Three renegade Liberal MPs have revived the hopes for marriage equality to be resolved by a free vote in federal parliament, outlining a path by which same-sex marriage could become a reality within a few short weeks and saying it would be "political suicide" to ignore the opportunity.
Federal parliament resumes next week after a long winter break, with hot topics like national security, tax, inequality and citizenship to dominate the agenda, but same-sex marriage unexpectedly seems set to feature high in the conversation again.
Marriage equality was seemingly off the table in the lifespan of the current parliament, after the government's plans for a national plebiscite were scuppered, a compromise proposal for a voluntary postal plebiscite was roundly ridiculed, and Prime Minister Malcolm Turnbull confirmed he would not move on the issue without some form of national people's vote being held as he swiped aside a push for a simple parliamentary vote.
But on Monday morning, just seven days out from the new parliamentary session, leading Coalition marriage equality advocates Trevor Evans, Dean Smith and Tim Wilson all appeared in what seemed to be a coordinated media blitz to re-spark talk of marriage equality being dealt with sooner rather than later -- as government frontbencher Christopher Pyne boasted just last month.
In The Australian, Evans confirmed "several options being planned within Liberal ranks to bring on a vote, possibly within weeks". The Queensland Liberal MP, who is gay, said there were several in the Coalition who were discussing the way forward.
"I am talking with colleagues, quite a number of colleagues, about different options that sit in front of us at the moment," he told The Australian.
The article outlines that just three Liberal MPs need to cross the floor to give a marriage equality free vote a real chance.
One possible process to bring on a free vote is for Labor to move a parliamentary procedure called a suspension of standing orders, which would allow the opposition to bring on discussion of a bill which has not been approved by the government -- for example, the bill proposed by Liberal senator Dean Smith, which would legislate marriage equality via a simple parliamentary vote.
Such a suspension of standing orders requires an absolute majority of the House of Representatives, or 76 votes, to be carried -- Labor has 69 votes, and combined with marriage equality supporters on the crossbench, it could require as few as three Coalition members to support the suspension for it to be carried.
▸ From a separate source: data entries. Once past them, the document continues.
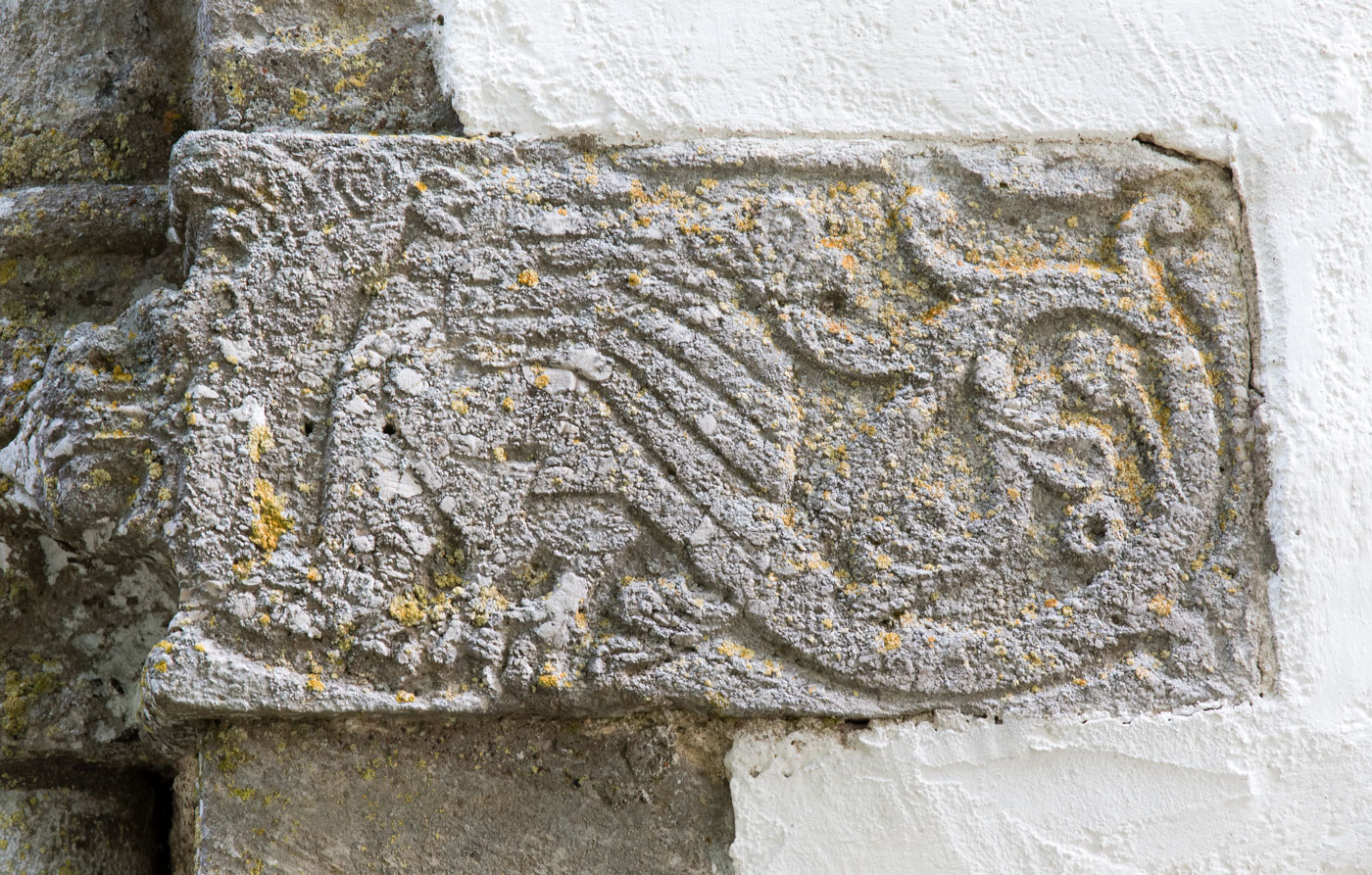 Relief, tornportalen - Gerums kyrka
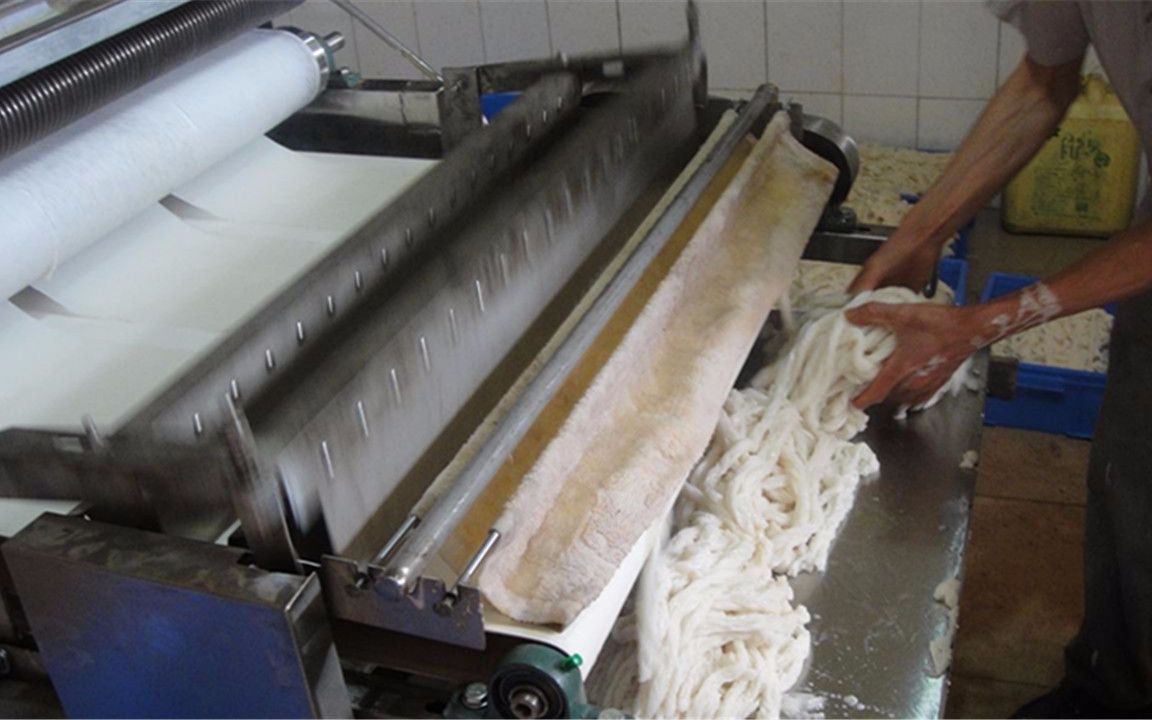 世界最智能肠粉机,15秒一份,高效又美味_哔哩哔哩_bilibili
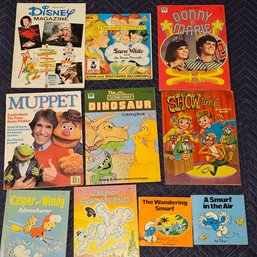 Donnie And Marie, Muppets, Disney, Smurfs, Casper, Books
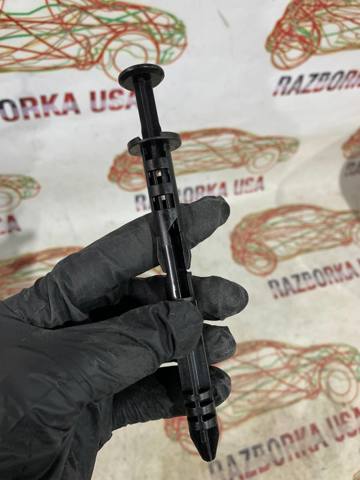 Кліпса кріплення захисту заднього нижнього важеля 80A512182 VAG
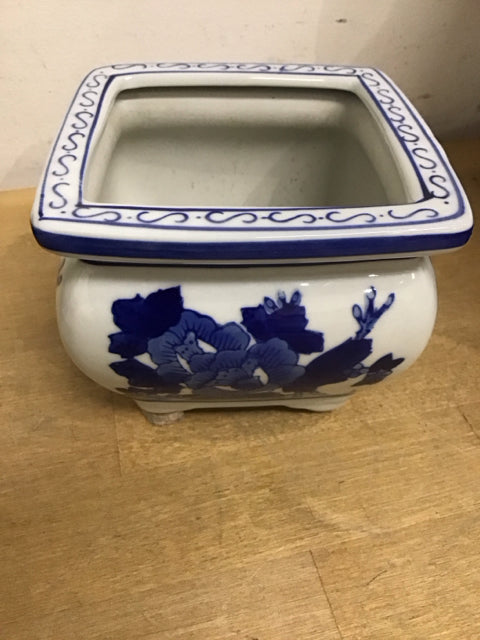4" Blue & White Asian Style Bowl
Tony Abbott's former chief of staff Peta Credlin, now a media commentator, outlined the process last year.
Coincidentally, there happens to be three Liberal marriage equality supporters making noise on Monday, while there are others in Warren Entsch and Trent Zimmerman who could potentially switch sides and support a Labor push for a free vote in parliament.
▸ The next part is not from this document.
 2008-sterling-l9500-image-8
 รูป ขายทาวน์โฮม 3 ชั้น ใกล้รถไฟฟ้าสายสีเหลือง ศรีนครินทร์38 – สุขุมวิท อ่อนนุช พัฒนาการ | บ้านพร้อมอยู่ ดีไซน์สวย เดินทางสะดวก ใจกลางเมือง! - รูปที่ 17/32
In a move set to pour even more fuel on the fire, PM Turnbull said later on Monday that backbenchers had the right to cross the floor on any issue they chose, and did not make an appeal for them to stay bound to the party's plebiscite policy.
"In our party, backbenchers have always had the right to cross the floor," Turnbull told a press conference in Western Australia, responding to a question about Evans.
"In the Labor Party, you get expelled for doing that. It's always been a fundamental principle in the Liberal Party and indeed, the National Party.
"The most compelling argument for dealing with this matter now is its importance to younger voters," Smith wrote in the Australian Financial Review on Monday.
"Bill Shorten and Labor are delighting in the massive political advantage this gives them among young adult voters who comprise 35 percent of the enrolled population."
Smith said the government was doing itself a huge disadvantage by not taking action on the issue.
"The government should not feel obligated to commit political suicide by handing its opponents a massive political cudgel by allowing the question of marriage equality to remain unresolved and fester over the next two years," he said.
"The politics of the marriage debate have evolved and continued inaction is becoming harder to defend."
On a regular Monday appearance on Sky News, Victorian MP Tim Wilson said he had "personal tensions" over the government's plebiscite policy. Wilson said he experienced "torments" over the issue.
"It's in the best interests of the country to have this issue resolved... when you look at my party, I think it's in our best interests to move on from this issue so we can focus on the things people voted for me and for my party to deal with. Tax reform, fixing the budget, national security, making sure we stop terrorism," Wilson said.
"I have a personal conflict which torments and challenges me on a daily basis. I'd like to see this issue resolved."
None of the MPs have said they would definitely cross the floor if a suspension of standing orders came on, and The Australian reported Evans avoided answering their questions on the topic, but with the issue resurrected once more, pressure for an outcome will build.
"I don't think it is useful to entertain all of the hypotheticals on how it might be achieved," Evans told The Australian.
"I am not ruling anything out... there is a number of ways that things can be brought onto the floor in order to have a vote."